I started this week with a brief description of the Category Fiction class I took last fall. One of the big surprises in that story was how much I enjoyed the class.
The class’s merit wasn’t the only thing that caught me off-guard. I’d spent some time dreading all the driving I’d have to do, the scheduling necessary to work a Masters degree into my life…but it had somehow never occurred to me that I’d need to make time for homework.
Making Time to Read
The very first class period brought the reality crashing home, when the syllabus spelled out in dreadful detail the semester’s workload: three big papers, nine little papers, and (as I mentioned) eleven novels in need of reading.
That last one took me most by surprise. The papers didn’t worry me too much. I write all the time. It’s what I do.
The thought of reading a novel a week was more than a little intimidating, though. Over the course of the semester I ended up reading as many novels as I’d read in the previous six or seven years combined.
That’s a pretty dreadful statistic for a novelist. I’d justified it in a handful of ways, mainly by insisting that I spent every bit of reading time I could find on writing instead. I was also reviewing unfinished manuscripts (my own and others’), devouring short-form non-fiction by way of the internet, and maintaining a writing advice blog to help all the novice writers out there trying to find their voice.
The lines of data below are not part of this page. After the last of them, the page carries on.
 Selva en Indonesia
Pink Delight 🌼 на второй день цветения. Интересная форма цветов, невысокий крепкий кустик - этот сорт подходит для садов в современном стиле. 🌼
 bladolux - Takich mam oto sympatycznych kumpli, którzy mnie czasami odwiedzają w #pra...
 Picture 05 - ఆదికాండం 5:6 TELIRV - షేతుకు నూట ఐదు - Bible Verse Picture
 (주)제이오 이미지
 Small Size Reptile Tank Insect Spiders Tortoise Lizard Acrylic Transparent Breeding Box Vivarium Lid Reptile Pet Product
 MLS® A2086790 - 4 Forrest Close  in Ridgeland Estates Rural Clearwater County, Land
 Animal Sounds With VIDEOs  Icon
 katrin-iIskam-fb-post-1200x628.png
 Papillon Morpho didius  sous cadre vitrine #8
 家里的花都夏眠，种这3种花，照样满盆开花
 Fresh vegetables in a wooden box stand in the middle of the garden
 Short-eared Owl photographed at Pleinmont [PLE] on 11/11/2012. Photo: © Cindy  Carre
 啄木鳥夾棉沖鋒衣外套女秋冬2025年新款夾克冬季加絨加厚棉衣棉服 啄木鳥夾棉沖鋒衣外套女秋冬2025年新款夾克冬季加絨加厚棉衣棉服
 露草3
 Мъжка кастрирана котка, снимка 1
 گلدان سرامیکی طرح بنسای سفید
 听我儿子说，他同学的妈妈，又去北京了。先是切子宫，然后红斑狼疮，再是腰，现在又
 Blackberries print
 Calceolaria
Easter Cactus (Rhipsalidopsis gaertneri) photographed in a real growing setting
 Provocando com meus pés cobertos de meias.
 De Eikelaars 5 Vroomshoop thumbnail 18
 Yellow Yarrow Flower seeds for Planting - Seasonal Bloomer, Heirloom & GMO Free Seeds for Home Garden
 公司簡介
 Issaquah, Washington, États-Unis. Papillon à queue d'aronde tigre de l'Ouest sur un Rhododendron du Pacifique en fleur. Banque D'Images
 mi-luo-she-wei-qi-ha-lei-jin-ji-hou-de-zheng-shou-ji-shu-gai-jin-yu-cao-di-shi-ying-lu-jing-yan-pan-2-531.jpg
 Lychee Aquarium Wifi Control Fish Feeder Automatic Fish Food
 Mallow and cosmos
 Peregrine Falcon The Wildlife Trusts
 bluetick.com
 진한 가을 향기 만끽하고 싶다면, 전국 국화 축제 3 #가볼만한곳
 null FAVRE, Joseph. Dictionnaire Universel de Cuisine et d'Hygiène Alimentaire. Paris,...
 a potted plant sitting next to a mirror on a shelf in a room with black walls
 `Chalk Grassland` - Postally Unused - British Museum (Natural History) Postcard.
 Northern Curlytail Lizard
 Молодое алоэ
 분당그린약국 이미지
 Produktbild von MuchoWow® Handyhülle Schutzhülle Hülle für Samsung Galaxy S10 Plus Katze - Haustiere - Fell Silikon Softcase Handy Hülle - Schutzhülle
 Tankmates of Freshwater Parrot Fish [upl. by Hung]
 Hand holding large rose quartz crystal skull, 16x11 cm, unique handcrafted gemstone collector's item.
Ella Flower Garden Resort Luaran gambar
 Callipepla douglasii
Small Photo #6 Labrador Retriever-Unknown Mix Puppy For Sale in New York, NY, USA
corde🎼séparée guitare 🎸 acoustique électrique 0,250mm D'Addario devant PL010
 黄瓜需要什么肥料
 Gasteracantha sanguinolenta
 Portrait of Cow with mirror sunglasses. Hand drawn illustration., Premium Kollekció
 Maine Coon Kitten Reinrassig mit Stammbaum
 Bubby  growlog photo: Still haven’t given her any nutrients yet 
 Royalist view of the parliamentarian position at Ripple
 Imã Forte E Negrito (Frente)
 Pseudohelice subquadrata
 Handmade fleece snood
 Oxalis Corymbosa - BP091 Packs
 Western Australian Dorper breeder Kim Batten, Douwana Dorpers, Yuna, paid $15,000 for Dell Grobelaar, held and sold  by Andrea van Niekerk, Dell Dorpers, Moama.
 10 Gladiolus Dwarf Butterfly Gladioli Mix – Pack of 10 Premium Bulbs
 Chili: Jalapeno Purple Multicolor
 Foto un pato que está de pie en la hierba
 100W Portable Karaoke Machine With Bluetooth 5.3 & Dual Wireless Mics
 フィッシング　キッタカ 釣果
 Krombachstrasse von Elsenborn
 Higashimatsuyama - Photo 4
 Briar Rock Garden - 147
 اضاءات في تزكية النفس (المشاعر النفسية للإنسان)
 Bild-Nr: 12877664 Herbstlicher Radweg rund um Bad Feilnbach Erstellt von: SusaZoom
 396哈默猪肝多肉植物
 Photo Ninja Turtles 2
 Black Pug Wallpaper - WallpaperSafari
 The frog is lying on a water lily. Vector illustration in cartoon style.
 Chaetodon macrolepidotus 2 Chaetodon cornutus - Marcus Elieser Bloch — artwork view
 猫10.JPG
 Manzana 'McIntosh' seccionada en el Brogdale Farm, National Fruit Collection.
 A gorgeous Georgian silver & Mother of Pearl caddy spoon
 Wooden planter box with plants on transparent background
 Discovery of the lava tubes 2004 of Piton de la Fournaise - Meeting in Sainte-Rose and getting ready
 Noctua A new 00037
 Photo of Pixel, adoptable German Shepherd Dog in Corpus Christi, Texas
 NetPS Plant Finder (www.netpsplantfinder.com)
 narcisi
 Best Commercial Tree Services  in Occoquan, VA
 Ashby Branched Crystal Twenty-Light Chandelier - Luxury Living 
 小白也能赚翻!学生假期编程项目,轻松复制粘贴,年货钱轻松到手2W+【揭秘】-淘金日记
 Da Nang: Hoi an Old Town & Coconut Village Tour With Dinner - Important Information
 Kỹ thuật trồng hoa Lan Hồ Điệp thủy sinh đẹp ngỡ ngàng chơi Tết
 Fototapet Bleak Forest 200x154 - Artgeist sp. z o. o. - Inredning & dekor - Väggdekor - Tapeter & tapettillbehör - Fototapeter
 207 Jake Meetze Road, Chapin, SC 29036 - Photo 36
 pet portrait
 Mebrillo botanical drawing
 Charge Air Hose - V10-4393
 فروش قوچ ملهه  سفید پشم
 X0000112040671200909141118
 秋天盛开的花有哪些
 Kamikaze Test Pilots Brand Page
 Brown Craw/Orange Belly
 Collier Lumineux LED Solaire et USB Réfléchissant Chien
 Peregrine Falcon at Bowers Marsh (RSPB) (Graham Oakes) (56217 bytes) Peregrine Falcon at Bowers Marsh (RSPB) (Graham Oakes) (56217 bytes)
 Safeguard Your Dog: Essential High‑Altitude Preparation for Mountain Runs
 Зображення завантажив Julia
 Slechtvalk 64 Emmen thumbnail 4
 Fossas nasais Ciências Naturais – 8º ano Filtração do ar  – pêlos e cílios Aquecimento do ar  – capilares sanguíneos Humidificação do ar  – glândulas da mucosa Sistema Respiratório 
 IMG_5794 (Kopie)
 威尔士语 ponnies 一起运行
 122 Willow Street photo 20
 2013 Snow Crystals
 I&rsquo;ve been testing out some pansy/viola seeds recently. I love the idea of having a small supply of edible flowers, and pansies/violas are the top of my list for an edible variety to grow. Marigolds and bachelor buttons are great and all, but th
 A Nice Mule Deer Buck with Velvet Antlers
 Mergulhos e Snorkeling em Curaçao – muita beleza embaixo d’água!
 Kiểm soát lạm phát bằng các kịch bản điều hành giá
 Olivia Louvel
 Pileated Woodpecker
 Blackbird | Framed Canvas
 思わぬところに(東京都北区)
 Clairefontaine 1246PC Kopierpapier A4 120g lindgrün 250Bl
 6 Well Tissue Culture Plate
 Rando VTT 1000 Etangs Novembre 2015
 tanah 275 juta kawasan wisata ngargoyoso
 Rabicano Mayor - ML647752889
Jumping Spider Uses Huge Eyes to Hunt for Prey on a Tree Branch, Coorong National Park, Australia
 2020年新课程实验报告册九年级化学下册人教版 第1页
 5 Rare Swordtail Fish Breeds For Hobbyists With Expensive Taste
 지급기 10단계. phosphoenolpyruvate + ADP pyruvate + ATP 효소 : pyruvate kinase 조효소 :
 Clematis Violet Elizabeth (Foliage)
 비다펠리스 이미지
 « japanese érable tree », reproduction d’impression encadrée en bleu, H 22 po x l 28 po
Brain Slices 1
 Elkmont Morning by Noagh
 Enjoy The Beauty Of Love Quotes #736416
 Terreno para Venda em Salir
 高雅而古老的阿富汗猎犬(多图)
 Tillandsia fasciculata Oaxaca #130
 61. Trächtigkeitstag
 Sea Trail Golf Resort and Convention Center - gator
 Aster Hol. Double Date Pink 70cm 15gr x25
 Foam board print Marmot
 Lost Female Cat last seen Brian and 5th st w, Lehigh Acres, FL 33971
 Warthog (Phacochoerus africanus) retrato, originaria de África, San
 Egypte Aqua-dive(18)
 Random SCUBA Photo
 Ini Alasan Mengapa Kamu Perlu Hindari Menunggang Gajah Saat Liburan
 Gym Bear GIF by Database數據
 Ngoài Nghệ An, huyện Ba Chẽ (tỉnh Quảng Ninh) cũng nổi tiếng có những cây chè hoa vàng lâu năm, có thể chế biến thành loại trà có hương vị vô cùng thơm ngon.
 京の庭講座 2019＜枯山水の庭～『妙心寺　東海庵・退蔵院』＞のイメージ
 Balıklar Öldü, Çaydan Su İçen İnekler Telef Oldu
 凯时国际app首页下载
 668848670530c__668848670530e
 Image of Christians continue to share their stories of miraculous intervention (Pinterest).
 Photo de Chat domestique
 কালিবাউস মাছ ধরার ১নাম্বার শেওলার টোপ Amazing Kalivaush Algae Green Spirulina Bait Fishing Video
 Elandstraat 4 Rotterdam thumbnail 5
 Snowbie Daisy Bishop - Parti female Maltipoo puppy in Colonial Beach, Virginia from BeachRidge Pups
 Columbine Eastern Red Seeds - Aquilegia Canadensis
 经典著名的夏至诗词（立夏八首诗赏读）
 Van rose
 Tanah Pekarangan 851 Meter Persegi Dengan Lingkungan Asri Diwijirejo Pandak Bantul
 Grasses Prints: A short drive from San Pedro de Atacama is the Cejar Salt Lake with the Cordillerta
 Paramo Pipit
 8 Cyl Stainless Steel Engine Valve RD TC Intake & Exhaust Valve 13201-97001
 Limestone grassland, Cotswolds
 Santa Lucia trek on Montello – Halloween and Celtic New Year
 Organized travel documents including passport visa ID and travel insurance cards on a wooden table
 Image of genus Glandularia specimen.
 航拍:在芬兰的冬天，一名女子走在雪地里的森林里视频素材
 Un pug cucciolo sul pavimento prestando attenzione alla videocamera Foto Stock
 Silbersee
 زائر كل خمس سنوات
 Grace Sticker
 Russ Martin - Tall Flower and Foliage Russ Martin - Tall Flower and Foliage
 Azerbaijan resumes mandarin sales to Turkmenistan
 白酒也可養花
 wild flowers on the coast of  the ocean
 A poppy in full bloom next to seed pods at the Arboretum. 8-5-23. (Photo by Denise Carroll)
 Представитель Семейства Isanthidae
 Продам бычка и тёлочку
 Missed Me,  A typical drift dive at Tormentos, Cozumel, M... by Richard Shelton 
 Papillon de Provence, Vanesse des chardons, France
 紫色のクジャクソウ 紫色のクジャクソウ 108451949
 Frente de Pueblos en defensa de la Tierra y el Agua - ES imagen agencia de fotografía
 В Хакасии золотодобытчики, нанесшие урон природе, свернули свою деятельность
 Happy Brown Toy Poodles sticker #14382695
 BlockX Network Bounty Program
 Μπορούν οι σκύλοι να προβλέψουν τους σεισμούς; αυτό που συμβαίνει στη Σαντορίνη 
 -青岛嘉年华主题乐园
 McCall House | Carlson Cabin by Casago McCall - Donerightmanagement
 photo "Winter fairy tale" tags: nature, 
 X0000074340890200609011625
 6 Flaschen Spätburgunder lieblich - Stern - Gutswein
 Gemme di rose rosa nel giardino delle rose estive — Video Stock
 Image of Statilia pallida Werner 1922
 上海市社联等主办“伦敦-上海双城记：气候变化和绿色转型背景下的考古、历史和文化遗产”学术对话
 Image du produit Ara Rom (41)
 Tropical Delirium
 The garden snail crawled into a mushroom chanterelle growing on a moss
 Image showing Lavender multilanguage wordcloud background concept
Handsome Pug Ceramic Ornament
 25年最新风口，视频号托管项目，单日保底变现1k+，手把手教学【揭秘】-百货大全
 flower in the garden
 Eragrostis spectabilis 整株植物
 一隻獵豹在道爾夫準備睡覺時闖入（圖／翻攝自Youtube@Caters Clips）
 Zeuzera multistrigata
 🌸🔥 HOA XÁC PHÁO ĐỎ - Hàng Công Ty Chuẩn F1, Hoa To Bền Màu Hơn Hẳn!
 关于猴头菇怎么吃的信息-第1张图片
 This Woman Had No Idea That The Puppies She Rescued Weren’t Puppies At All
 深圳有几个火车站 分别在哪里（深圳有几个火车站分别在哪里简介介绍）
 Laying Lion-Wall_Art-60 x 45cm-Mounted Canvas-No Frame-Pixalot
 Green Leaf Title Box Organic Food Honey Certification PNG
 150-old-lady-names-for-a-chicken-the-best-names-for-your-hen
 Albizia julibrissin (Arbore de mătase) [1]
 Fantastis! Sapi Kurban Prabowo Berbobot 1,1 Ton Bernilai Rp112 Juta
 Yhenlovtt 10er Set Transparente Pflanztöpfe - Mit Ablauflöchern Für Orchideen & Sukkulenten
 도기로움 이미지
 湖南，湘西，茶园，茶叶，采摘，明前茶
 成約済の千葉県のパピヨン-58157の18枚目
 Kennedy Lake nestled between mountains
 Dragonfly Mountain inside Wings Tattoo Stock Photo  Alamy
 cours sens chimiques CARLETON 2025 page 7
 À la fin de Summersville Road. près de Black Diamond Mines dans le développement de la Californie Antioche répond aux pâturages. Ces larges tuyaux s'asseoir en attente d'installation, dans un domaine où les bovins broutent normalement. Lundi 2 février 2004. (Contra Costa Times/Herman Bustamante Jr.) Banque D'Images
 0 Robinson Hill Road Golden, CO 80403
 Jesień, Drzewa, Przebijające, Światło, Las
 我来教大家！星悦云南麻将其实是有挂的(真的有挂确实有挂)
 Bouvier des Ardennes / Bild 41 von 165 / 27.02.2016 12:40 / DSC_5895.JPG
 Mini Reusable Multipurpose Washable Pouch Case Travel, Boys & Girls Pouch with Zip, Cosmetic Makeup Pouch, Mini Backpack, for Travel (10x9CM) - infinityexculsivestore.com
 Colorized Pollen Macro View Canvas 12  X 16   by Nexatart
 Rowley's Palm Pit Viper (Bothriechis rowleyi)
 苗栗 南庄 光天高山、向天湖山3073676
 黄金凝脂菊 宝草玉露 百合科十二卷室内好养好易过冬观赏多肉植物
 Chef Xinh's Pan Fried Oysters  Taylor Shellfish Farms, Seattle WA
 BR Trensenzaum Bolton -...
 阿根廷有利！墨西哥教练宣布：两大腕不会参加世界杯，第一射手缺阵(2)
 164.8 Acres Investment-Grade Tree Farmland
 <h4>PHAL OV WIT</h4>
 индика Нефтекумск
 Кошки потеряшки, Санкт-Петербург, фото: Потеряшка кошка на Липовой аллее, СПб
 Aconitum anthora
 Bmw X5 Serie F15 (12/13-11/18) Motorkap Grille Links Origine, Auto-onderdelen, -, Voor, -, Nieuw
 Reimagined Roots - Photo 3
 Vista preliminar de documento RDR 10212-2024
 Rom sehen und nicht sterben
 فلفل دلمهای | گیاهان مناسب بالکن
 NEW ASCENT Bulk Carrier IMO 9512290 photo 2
With all that on my plate, it was a real challenge just to find time to read the new Pratchett novels when they came out one or two a year. Anything else was just impossible.
Didactic Literature
Of course, the class proved that completely wrong. It took an assignment — an imposed deadline — to drive to me to it, but even facing eleven books on a pretty rigorous schedule I never once had trouble finding the time to finish reading a novel that semester. And that was on top of a schedule already crammed with the addition of my Master’s studies.
One of the most valuable lessons I learned (even if it is the most depressingly prosaic) was simply that I can make time to read on a regular basis. My other projects and responsibilities are no excuse to leave this aspect out of the pursuit of my art.
Without that kind of constant, wide exposure, everything else I do as a writer suffers. Nothing revealed that to me quite as clearly as two books I really disliked. Come back tomorrow, and I’ll tell you all about them.
Hi Aaron… found you through Creative Copy Challenge… I need to come back… I’m glad you wrote about reading… it’s a must and I’ll bet you find your writing easier and better, gradually of course, as a result.